Re: [RFC/PATCH 4/4] grep: obey --textconv for the case rev:path

2013-02-08 Thread Michael J Gruber
Junio C Hamano venit, vidit, dixit 07.02.2013 19:03:
> Michael J Gruber  writes:
> 
 (cd t && git grep GET_SHA1_QUIETLY HEAD:../cache.h)
 ../HEAD:../cache.h:#define GET_SHA1_QUIETLY01
>>>
>>> Yuck.
>>
>> And even more yuck:
>>
>> (cd t && git grep --full-name GET_SHA1_QUIETLY HEAD:../cache.h)
>> HEAD:../cache.h:#define GET_SHA1_QUIETLY01
>>
>> Someone does not expect a "rev:" to be in there, it seems ;)
> 
> I think stepping outside of $(cwd) is an afterthought the code does
> not anticipate.
> 

Well, we do resolve relative paths correctly, and there are even some
"chdir" in the code path.

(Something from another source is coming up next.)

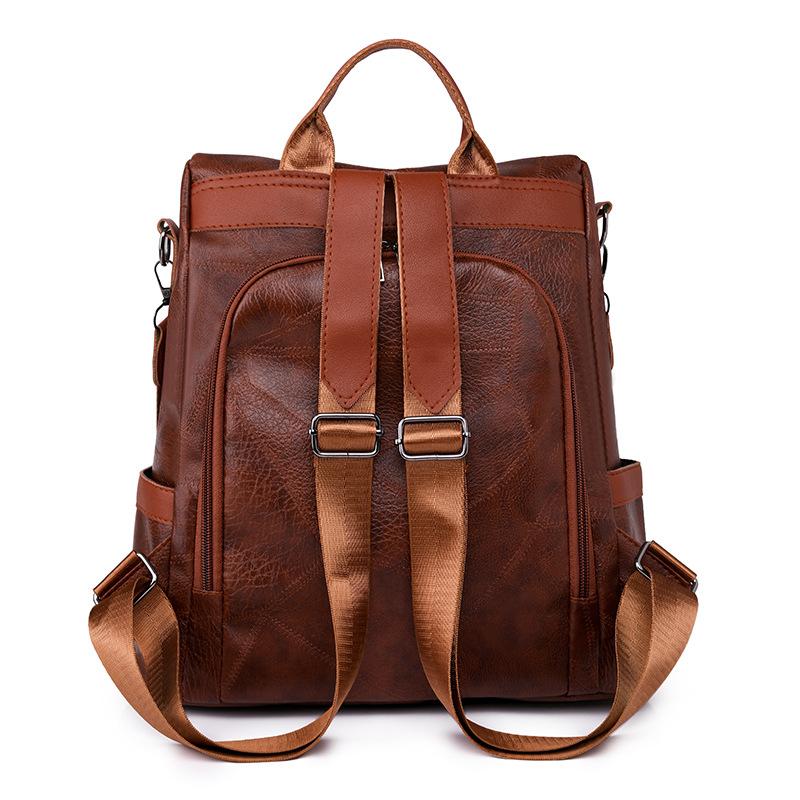 Anti Theft Backpack for Women's Backpack European and American Retro Large Capacity Backpack Soft Leather High-end Travel Bag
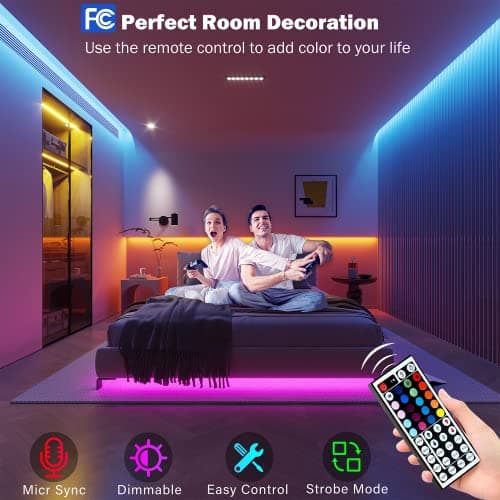 Leeleberd Led Lights for Bedroom 100 ft (2 Rolls of 50ft) Music Sync Color Changing RGB Led Strip Lights with Remote App Control Bluetooth Led Strip, Lights for Room Home Kitchen Party Decor - Image 3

It's just that the output label is incorrect.

Michael
--
To unsubscribe from this list: send the line "unsubscribe git" in
the body of a message to majord...@vger.kernel.org
More majordomo info at  http://vger.kernel.org/majordomo-info.html


Re: [RFC/PATCH 4/4] grep: obey --textconv for the case rev:path

2013-02-07 Thread Junio C Hamano
Michael J Gruber  writes:

>>> (cd t && git grep GET_SHA1_QUIETLY HEAD:../cache.h)
>>> ../HEAD:../cache.h:#define GET_SHA1_QUIETLY01
>> 
>> Yuck.
>
> And even more yuck:
>
> (cd t && git grep --full-name GET_SHA1_QUIETLY HEAD:../cache.h)
> HEAD:../cache.h:#define GET_SHA1_QUIETLY01
>
> Someone does not expect a "rev:" to be in there, it seems ;)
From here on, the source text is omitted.